On Sun, Mar 25, 2007, Talin wrote:
Aahz wrote:
On Sun, Mar 25, 2007, Talin wrote:
Thinking more about this, it seems to me that discussions of syntax for doing parallel operations and nifty classes for synchronization are a bit premature. The real question, it seems to me, is how to get Python to operate concurrently at all.
Maybe that's what it seems to you; to others of us who have been looking at this problem for a while, the real question is how to get a better multi-process control and IPC library in Python, preferably one that is cross-platform. You can investigate that right now, and you don't even need to discuss it with other people.
If you mean some sort of inter-process messaging system, there are a number that already exist; I'd look at IPython and py-globus for starters.
My feeling is that while such an approach is vastly easier from the standpoint of Python developers, and may be easier from the standpoint of a typical Python programmer, it doesn't actually solve the problem that I'm attempting to address, which is figuring out how to write client-side software that dynamically scales to the number of processors on the system.
How not? Keep in mind that if this kind of library becomes part of the Python Standard Library, the standard library can be written to use this multi-process library.

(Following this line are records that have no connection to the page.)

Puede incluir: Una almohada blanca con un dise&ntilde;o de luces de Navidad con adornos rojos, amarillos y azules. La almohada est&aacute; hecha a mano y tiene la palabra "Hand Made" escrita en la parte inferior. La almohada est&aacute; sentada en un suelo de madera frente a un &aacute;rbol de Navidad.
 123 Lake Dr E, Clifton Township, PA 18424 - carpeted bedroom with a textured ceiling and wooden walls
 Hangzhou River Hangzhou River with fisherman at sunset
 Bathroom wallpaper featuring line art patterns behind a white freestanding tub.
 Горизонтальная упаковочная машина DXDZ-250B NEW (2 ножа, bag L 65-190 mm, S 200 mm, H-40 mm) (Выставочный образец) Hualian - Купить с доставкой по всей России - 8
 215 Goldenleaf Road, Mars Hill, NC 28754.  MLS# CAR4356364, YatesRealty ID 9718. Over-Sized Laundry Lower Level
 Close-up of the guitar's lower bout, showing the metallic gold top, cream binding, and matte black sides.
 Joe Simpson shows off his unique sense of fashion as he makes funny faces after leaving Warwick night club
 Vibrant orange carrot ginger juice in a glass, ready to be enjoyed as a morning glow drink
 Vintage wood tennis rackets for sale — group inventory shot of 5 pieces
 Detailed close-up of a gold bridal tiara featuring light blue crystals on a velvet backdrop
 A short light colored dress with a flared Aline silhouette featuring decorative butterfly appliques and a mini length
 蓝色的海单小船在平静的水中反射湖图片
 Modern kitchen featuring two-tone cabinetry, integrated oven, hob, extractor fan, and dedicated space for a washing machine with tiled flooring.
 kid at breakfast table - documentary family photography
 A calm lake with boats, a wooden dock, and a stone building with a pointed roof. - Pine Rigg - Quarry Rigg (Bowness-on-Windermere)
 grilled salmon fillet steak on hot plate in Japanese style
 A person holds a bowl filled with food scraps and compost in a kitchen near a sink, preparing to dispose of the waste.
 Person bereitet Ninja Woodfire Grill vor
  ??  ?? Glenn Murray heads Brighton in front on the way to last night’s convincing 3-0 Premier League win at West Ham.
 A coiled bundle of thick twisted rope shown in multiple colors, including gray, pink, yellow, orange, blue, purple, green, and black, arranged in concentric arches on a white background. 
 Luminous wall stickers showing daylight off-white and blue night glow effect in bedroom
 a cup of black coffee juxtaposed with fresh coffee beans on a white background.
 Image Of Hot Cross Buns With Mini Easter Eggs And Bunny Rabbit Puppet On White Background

My view is that while the number of algorithms that we have that can be efficiently parallelized in a fine-grained threading environment is small (compared to the total number of strictly sequential algorithms), the number of algorithms that can be adapted to heavy-weight, coarse-grained processes is much smaller still.
Maybe. I'm not convinced, but see below.
For example, it is easy to imagine a quicksort routine where different threads are responsible for sorting various sub-partitions of the array. If this were to be done via processes, the overhead of marshalling and unmarshalling the array elements would completely swamp the benefits of making it concurrent.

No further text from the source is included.